Herbstmond über der Tauterrasse

Bild der 42. Woche - 15. Oktober bis 21. Oktober 2018

Yuan Yao (tätig um 1720-1780): Herbstmond über der Tauterrasse, nicht datiert. Hängerolle, Tusche und Farben auf Seide. Museum für Ostasiatische Kunst, Inv Nr. A 89,1 (Foto: RBA)

In China kommt dem Mond in der Lyrik, der Malerei, der Philosophie und dem Kult eine besondere Bedeutung zu. Im Herbst erscheint der Vollmond außergewöhnlich groß und rund und man feiert das „Mittherbstfest“ (Zhongqiujie), bei welchem man sich mit Familie und Freunden trifft, zusammen speist und auf den vollkommenen, Mond sein Glas erhebt und Dichter zitiert.

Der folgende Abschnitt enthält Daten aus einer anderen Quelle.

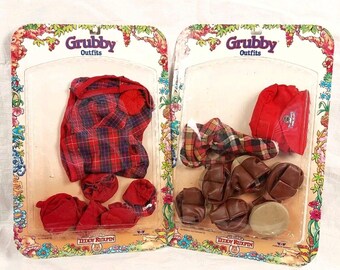 1980s Teddy Ruxpin's Grubby Outfits, Sleepytime / Hiking, NIP NOS Deadstock, Vintage Children's Toys Cartoons Preschool Nursery Elementary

Das kostbare Gemälde von Yuan Yao fängt die beinahe mystische, nächtliche Stimmung in einer Palastanlage ein, die inmitten einer idealisierten, vom fahlen Licht des Vollmondes beschienenen, nebligen Herbstlandschaft liegt. Vermutlich wurde die repräsentative, sehr großformatige Seidenmalerei von ihren ursprünglichen Besitzern im Herbst in einer hohen, repräsentativen Halle entrollt und aufgehängt.

Der Mond wird mit dem weiblichen Yin-Aspekt des Kosmos assoziiert. Eine Figurenszene im vorderen, offenen Hof des Palastgeländes, zeigt Dienerinnen und Kerzenträgerinnen, die eine Dame flankieren. Die Personengruppe schreitet auf die große vordere Halle, der teilweise hinter Nebelschwaden verborgenen Palastgebäude, zu. Die Darstellung der Prozession zur Zeit des Vollmondes lässt sich mit Ritualen zur Verehrung der legendären Mondgöttin Chang E in Verbindung bringen, welche traditionell von Frauen durchgeführt wurden.

In der Malerei von Yuan Yao, der einer im 18. Jahrhundert tätigen, sehr bekannten südchinesischen Malschule entstammt, finden sich weitere Bildthemen, die sich mit der Jahreszeit Herbst verbinden lassen. Die titelgebende Tauterrasse (lutai) ist im hinteren Bildteil außerhalb des Palastbezirks in der Nähe einer Baumgruppe zu sehen. Dieses ursprünglich in der Han-Zeit (206 v. Chr. bis 220 n. Chr.) errichtete Bauwerk war Bestandteil des kaiserlichen Palastareals des mächtigen Han Wudi (156-87 v. Chr.) Der nach Unsterblichkeit strebende Kaiser ließ die Tauterrasse errichten, um dort mithilfe einer erhöht platzierten Schale Tau aufzufangen. Tau galt als Nahrungsmittel der Unsterblichen und sollte diese anlocken und dem Kaiser auf diese Weise zu Unsterblichkeit verhelfen.